With federal prohibition still alive and well despite record public support for marijuana legalization, the cannabis industry in the United States remains a state-by-state business. The inability to cross state lines has led to a web of complex and disparate state laws and regulations for businesses to navigate.
This forces cannabis producers to recreate their entire infrastructure in every new state, rather than scaling up production and shipping products across the country, which impedes their ability to build economies of scale enjoyed by all other businesses.

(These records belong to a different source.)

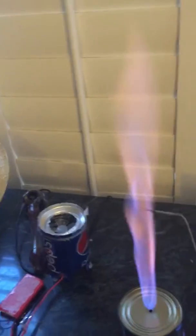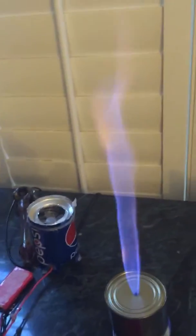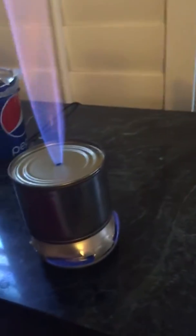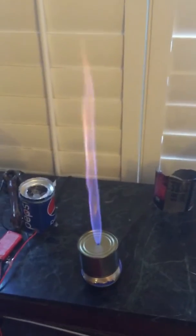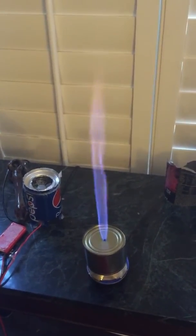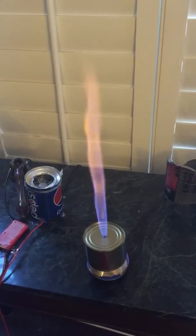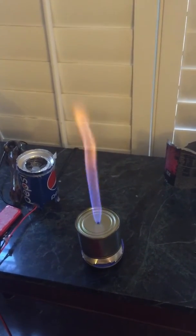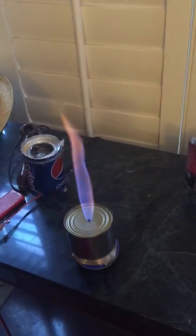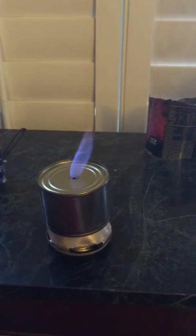So it's your Bunsen burner. The primer on bottom is starting to go out, so it's going to start to lose pressure now. You can use this for a stove or whatever you think you could use. It's just a very simple, mid-pressure stove. And there she goes.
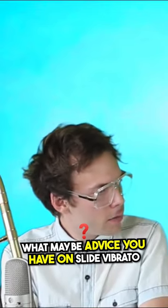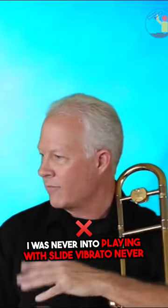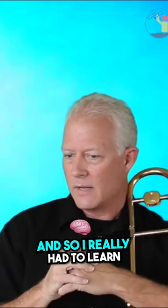I was really curious what advice you have on slide vibrato? Me, being a young bebopper, I was never into playing with slide vibrato. Never. But playing in Los Angeles, you have to be able to play all styles and all eras of the music. And so I really had to learn.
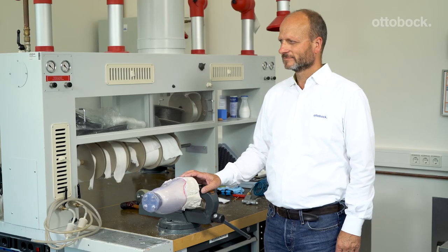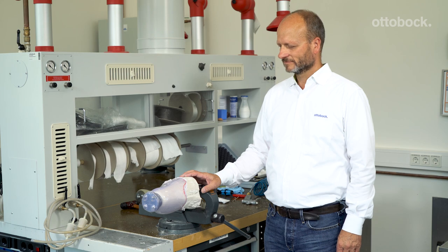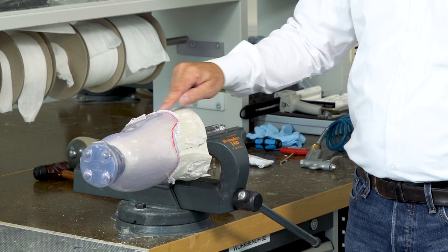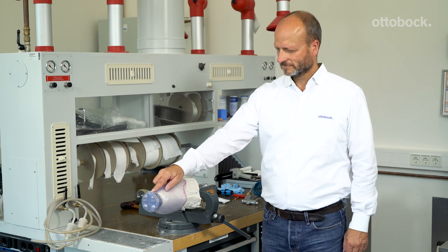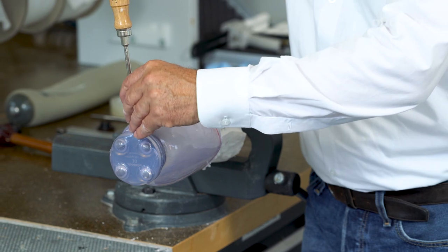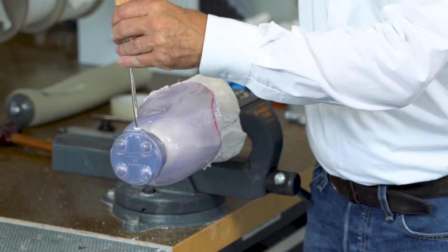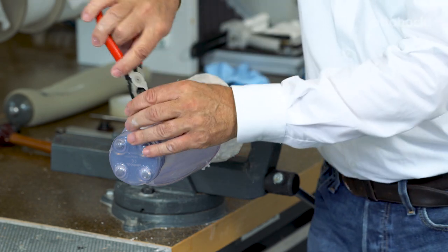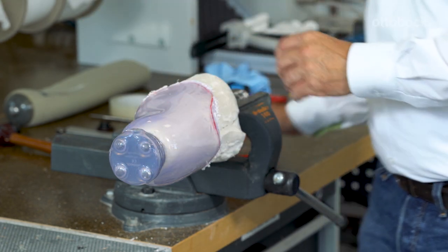Follow these next steps to remove the plastic check socket from the plaster model. Cut through the plastic according to your trim lines. Grind the surface over the valve dummy to just expose the slot for the screwdriver. Remove the dummy and apply compressed air through the remaining hole — this will pop the check socket off the plaster model.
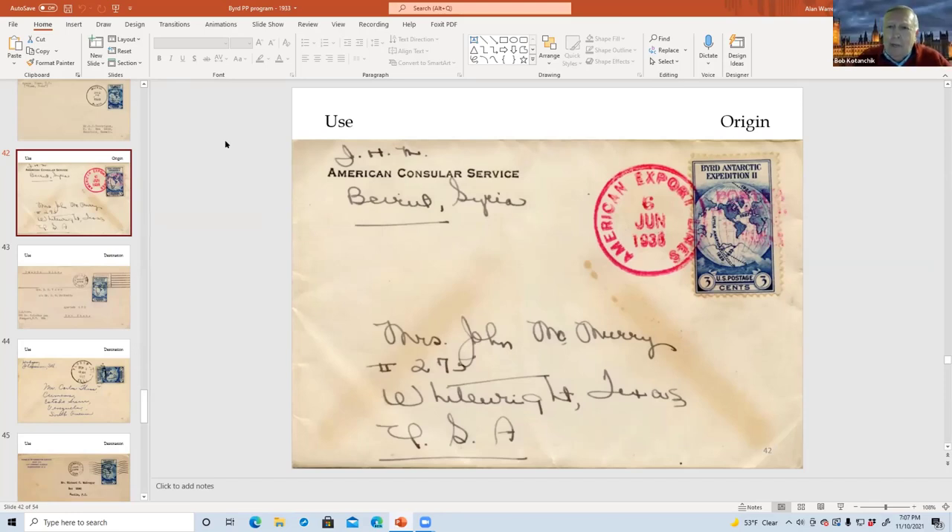Many thanks. I wish Scott would note that, because the catalog values are quite different, and with singles you just can't tell. Sounds like a letter to the editor.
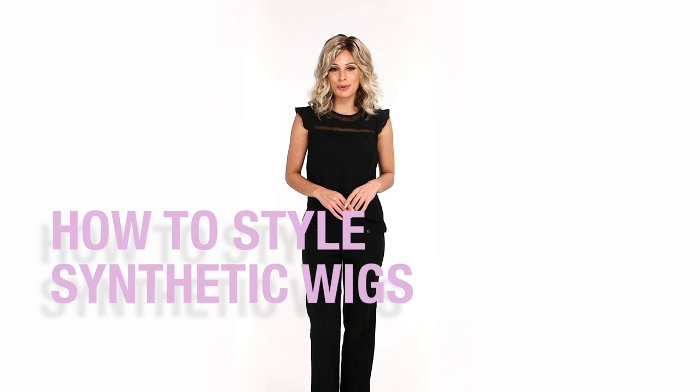Synthetic wigs are a great, hassle-free way to change up your hairstyle — go from long to short in an instant without having to commit to the big chop. The question we all ask: do I need to style a wig that already comes pre-styled? Pre-styled wigs don't need much work; however, if you want to change up your part or add some flare, here are some tips to get the best results.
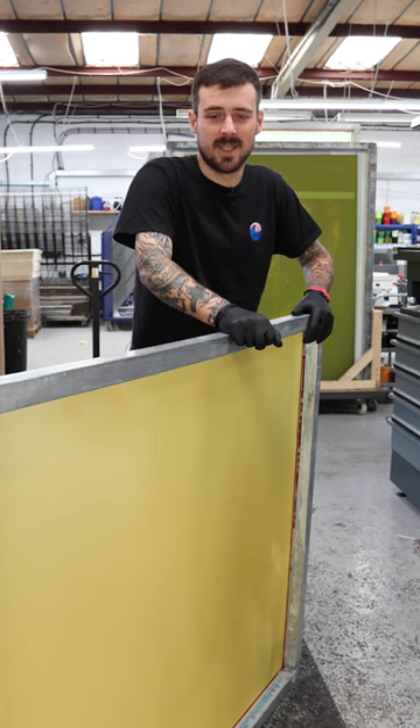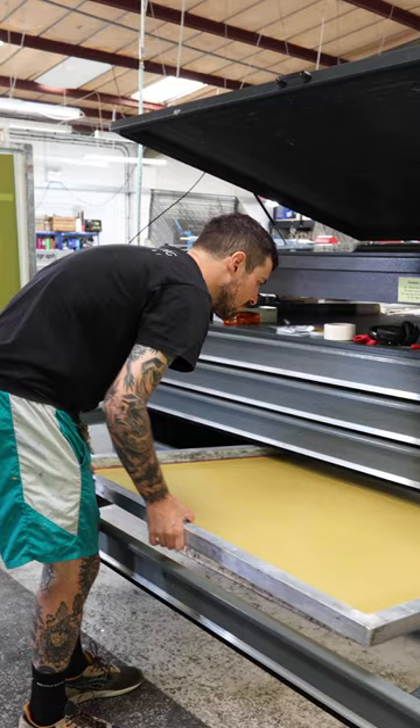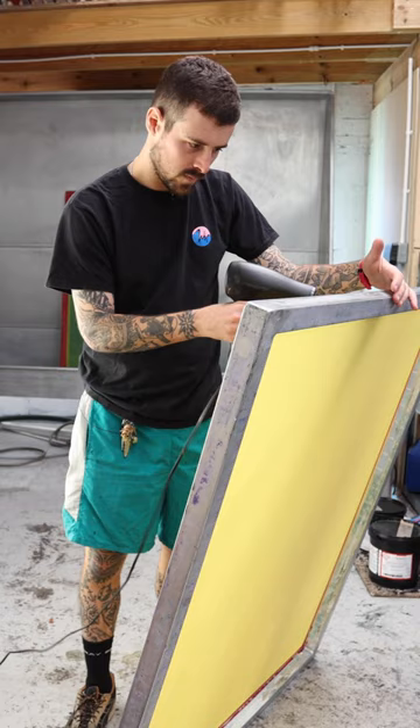Hi, I'm Parky, one of the printers here at Howard King. I'm going to show you how I coat a screen. This is kind of the most foundational thing that you need to get right in order to have a stress-free and effective print run.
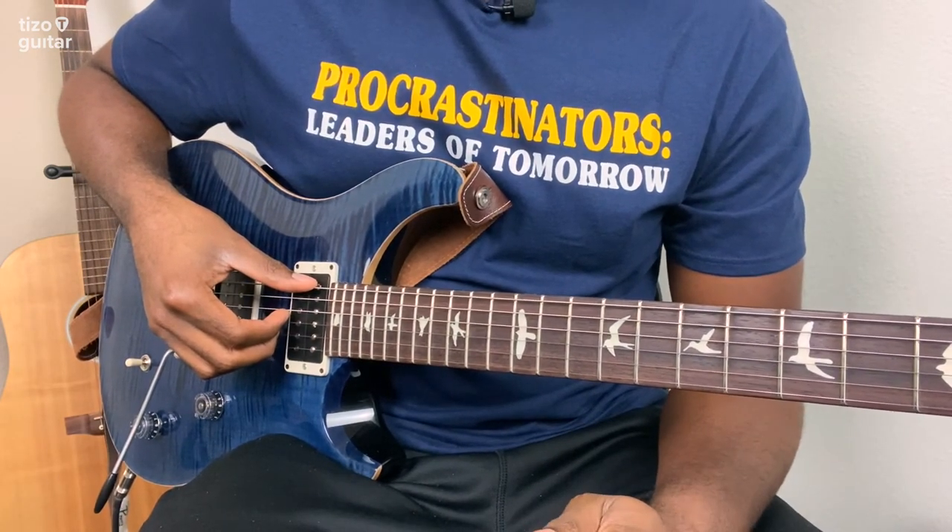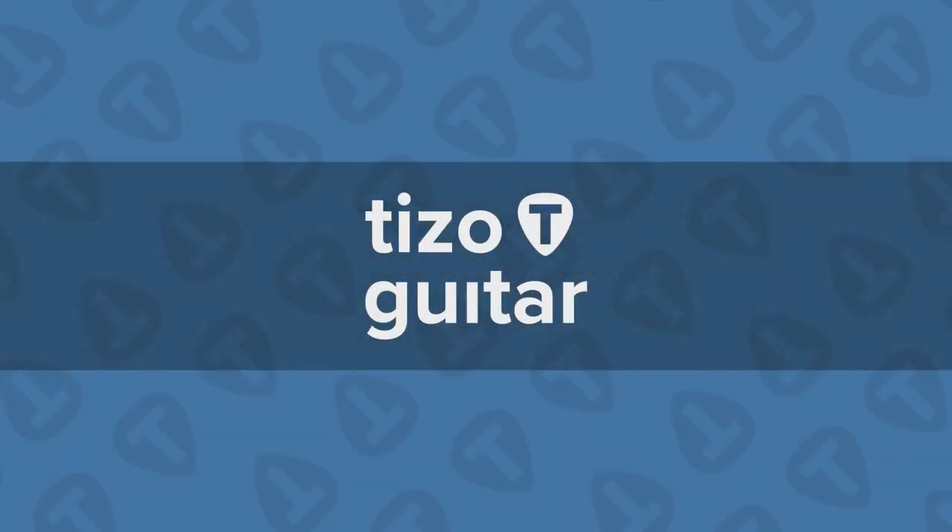That same progression repeats throughout the entire song — that's all you need to know. That is it for this lesson. If this video helped you in any way, please go ahead and leave it a like and subscribe if you haven't already. If you have any song requests or comments, leave them down in the comment section below. Thank you so much for watching, and until next time, take care. Bye!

Retailers generally pay higher wholesale prices because of this, leading to higher prices for consumers at the register.
The state-by-state nature of the U.S. industry has created huge differences in market dynamics from state to state.
A number of factors contribute to the attractiveness of a state market for businesses. Does the state have a limited number of licenses or can any qualified applicant obtain one? Does the state allow for medical or adult-use sales? Does the state ban the sale of smokeable products? If it is a medical marijuana state, what are the medical conditions that qualify someone to become a patient, and does that list include chronic pain? Is the market saturated or is there room for growth?
While much of the media attention goes to highly developed and saturated adult-use markets like Colorado, California, and Washington, the public markets tend to offer the highest valuations to companies with operations in more limited-license states, often with medical marijuana laws that have room for growth and expansion. It is why companies with operations in places like Florida and New York tend to enjoy higher valuations than their counterparts on the West Coast, despite generally showing lower annual revenue in more restricted markets.
So what are the next state-legal markets likely to excite the capital markets?
Looking ahead to the next couple of years, two states stand out as likely the next big marijuana markets: New Jersey and Illinois.
Both states have followed a remarkably similar path toward full legalization, with Illinois a near mirror of the process in New Jersey, only one year behind.